TASK: Only one stretch of the data below is needed. Output the lines from the one with "OLYMPIA TILE +" up to and including the one with "Uf-719 Standard Motor", exactly as they stand.

INPUT DATA:
<<<<
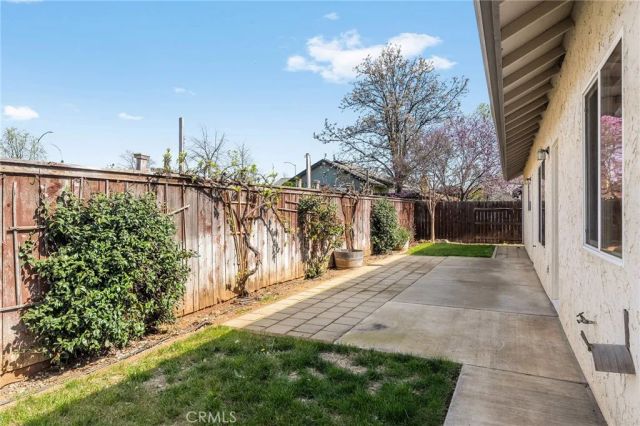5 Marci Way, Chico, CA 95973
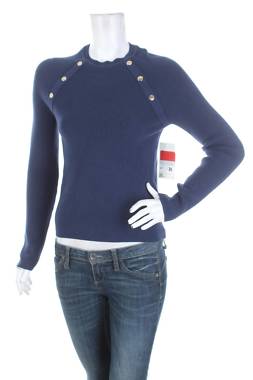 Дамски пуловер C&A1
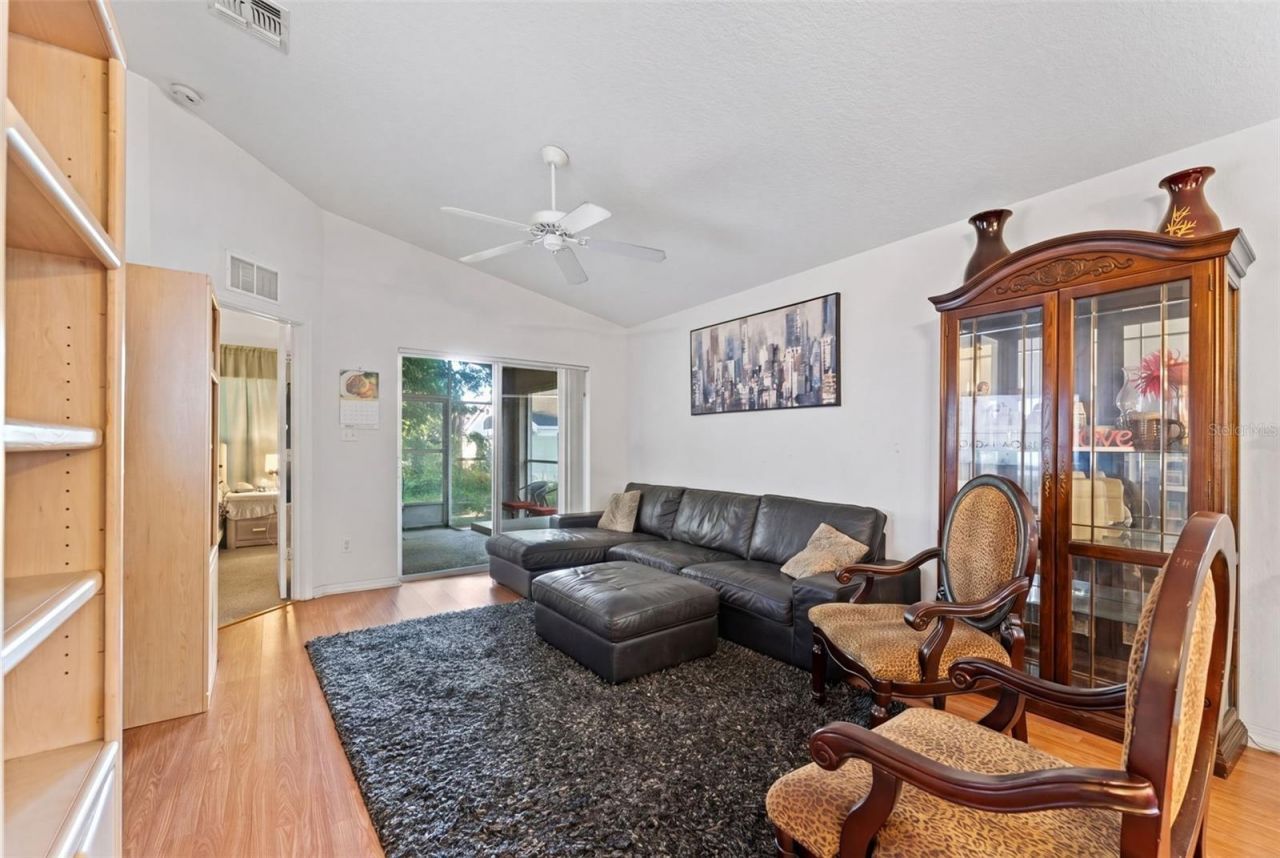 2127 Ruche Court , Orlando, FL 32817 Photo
>>>>
<<<<
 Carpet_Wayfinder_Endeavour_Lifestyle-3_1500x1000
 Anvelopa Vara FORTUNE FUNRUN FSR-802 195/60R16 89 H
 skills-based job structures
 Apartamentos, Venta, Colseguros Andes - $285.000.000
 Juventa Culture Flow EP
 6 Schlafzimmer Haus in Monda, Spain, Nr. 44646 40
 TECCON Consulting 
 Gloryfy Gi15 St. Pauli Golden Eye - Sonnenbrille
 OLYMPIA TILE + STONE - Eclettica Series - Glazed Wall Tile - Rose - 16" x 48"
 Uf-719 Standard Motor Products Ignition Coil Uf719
>>>>
<<<<
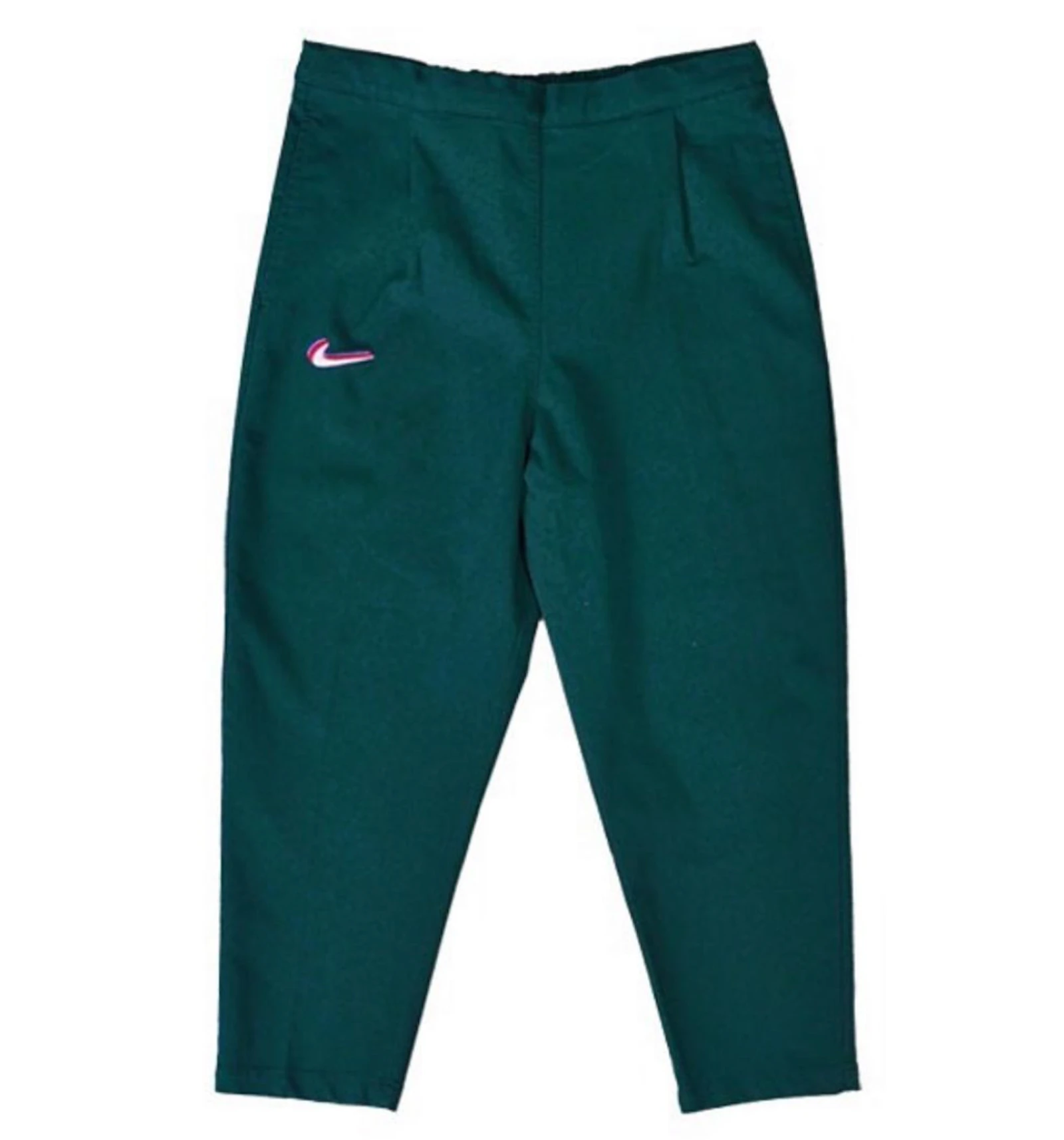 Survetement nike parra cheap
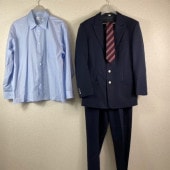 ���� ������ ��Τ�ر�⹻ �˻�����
>>>>
EXPECTED ANSWER:
 OLYMPIA TILE + STONE - Eclettica Series - Glazed Wall Tile - Rose - 16" x 48"
 Uf-719 Standard Motor Products Ignition Coil Uf719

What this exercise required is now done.